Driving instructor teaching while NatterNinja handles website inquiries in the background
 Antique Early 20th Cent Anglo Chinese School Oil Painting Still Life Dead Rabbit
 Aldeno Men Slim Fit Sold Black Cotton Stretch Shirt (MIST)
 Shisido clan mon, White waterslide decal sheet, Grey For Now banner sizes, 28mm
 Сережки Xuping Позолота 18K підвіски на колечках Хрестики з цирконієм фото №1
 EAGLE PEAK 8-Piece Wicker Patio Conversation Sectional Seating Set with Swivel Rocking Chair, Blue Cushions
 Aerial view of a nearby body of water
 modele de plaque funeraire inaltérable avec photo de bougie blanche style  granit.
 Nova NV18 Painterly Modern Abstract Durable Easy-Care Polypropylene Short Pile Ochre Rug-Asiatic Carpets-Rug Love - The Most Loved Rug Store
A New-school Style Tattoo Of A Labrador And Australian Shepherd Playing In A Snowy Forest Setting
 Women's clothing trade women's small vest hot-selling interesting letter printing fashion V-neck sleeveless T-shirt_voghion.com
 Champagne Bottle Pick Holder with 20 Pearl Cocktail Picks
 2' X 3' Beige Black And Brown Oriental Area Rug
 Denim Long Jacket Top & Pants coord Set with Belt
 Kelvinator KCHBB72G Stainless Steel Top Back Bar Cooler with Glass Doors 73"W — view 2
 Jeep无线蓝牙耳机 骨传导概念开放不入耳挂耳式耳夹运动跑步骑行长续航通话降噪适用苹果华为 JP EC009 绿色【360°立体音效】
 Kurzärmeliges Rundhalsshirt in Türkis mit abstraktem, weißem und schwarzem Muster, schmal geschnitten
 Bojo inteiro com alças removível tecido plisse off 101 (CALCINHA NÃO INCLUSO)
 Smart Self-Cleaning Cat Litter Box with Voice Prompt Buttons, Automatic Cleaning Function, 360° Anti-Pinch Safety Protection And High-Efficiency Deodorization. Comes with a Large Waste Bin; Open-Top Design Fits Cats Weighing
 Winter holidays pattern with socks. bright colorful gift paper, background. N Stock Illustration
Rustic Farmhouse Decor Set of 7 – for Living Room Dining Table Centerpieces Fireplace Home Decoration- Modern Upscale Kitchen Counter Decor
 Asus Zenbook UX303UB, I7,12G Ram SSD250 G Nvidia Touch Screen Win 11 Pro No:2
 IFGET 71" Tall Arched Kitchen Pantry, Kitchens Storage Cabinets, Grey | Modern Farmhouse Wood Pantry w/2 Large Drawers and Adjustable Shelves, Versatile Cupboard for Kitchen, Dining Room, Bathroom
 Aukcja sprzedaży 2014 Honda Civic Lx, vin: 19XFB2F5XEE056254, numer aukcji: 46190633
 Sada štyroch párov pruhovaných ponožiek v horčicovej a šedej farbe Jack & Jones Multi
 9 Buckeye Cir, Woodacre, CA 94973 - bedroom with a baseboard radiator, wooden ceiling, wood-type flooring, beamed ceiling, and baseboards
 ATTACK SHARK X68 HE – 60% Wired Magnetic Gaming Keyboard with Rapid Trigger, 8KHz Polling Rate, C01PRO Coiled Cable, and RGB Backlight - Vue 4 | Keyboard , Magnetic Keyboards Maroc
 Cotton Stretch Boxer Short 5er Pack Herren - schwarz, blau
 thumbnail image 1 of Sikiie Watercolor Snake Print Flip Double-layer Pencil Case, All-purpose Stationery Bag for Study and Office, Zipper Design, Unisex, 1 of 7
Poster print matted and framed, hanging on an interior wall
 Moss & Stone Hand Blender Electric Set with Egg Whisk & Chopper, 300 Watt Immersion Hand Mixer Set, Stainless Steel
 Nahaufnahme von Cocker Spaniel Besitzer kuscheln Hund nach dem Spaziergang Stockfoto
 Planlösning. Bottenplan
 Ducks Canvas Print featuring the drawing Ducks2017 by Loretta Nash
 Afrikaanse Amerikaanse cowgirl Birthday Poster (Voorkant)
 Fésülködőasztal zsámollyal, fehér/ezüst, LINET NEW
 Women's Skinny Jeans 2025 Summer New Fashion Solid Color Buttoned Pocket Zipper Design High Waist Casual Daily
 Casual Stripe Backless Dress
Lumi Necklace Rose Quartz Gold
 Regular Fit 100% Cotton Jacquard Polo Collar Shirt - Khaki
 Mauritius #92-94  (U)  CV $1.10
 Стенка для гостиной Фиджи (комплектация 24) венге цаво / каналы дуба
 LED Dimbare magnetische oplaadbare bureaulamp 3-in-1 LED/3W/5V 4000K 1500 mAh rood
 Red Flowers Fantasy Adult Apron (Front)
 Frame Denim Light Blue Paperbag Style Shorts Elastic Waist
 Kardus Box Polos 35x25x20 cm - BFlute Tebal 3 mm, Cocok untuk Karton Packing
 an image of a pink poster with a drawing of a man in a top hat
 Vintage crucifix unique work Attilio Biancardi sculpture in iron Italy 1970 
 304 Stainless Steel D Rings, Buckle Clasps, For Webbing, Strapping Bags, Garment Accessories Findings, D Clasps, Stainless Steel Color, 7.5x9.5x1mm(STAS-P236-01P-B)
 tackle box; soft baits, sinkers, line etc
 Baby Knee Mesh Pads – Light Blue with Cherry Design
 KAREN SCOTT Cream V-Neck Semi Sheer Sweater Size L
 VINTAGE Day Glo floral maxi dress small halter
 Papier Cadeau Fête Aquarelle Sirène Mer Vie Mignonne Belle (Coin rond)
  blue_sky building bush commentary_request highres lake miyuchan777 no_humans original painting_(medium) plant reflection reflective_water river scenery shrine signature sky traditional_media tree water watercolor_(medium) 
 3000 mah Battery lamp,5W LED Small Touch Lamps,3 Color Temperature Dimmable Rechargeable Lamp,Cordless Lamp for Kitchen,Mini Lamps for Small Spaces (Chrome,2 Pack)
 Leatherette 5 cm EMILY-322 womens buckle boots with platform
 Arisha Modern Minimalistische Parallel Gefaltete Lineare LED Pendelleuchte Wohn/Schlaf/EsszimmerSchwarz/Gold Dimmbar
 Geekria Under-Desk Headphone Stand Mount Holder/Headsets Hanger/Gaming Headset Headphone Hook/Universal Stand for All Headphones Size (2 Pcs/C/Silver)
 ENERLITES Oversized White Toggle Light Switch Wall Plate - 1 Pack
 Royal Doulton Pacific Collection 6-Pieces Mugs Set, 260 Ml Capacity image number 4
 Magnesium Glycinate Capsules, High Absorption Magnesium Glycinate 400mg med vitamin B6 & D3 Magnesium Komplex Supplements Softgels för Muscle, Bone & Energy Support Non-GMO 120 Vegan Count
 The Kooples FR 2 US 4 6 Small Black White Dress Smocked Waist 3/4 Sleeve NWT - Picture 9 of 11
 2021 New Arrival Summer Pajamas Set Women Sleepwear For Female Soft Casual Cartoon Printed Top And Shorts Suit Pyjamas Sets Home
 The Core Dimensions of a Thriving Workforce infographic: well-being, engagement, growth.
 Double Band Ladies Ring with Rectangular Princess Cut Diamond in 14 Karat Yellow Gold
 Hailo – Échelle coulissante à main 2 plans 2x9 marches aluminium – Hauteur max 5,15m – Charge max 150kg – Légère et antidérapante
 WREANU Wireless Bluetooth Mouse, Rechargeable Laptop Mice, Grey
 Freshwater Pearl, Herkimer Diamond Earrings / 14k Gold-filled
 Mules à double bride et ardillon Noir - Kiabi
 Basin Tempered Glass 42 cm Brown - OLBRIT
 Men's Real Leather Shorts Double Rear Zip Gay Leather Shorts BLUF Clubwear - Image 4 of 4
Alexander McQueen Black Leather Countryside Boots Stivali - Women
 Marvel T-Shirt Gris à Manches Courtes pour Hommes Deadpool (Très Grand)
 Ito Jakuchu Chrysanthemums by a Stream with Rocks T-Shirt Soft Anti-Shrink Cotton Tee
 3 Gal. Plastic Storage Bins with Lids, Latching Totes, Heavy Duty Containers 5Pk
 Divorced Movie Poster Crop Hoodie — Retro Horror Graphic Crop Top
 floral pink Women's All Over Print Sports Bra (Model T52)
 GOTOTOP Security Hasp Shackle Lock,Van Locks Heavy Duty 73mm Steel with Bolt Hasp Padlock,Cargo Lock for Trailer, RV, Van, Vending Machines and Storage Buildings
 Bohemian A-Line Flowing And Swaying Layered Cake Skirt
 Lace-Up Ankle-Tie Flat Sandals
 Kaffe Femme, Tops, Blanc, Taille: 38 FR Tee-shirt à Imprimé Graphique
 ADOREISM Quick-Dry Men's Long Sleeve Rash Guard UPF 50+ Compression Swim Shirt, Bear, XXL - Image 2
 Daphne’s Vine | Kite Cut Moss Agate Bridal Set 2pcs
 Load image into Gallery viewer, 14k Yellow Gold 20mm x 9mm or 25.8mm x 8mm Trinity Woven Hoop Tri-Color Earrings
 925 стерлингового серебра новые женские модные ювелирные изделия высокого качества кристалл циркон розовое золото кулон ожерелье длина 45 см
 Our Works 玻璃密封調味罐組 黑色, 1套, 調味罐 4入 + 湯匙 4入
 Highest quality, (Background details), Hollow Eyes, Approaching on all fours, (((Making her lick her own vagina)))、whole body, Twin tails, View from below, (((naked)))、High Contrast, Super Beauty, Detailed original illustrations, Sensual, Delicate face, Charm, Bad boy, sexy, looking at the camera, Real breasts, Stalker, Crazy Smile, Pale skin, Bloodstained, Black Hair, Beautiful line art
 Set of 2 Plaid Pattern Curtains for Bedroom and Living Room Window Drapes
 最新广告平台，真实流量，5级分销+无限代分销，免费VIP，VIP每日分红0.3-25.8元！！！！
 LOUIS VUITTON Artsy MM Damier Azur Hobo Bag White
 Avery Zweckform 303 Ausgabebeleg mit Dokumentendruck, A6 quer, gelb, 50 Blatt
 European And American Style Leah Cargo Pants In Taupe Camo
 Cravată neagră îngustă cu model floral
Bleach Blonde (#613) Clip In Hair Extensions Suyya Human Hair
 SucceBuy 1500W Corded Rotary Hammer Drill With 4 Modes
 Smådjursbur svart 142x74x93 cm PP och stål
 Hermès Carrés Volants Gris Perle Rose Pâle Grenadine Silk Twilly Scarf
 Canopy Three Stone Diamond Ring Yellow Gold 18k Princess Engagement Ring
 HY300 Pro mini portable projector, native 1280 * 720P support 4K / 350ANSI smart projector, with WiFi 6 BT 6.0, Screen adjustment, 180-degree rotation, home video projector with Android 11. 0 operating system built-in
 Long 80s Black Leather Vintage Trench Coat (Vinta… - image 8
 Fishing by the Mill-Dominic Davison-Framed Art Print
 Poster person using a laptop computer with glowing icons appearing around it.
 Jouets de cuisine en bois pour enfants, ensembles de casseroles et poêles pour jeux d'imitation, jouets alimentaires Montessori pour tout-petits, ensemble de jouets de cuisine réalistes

**Assignment**
In the listing above, locate the line containing "Dining Room, Bathroom" and the line containing "Sada štyroch párov". Transcribe those two lines and everything between them, exactly as written.

**Final answer**
 IFGET 71" Tall Arched Kitchen Pantry, Kitchens Storage Cabinets, Grey | Modern Farmhouse Wood Pantry w/2 Large Drawers and Adjustable Shelves, Versatile Cupboard for Kitchen, Dining Room, Bathroom
 Aukcja sprzedaży 2014 Honda Civic Lx, vin: 19XFB2F5XEE056254, numer aukcji: 46190633
 Sada štyroch párov pruhovaných ponožiek v horčicovej a šedej farbe Jack & Jones Multi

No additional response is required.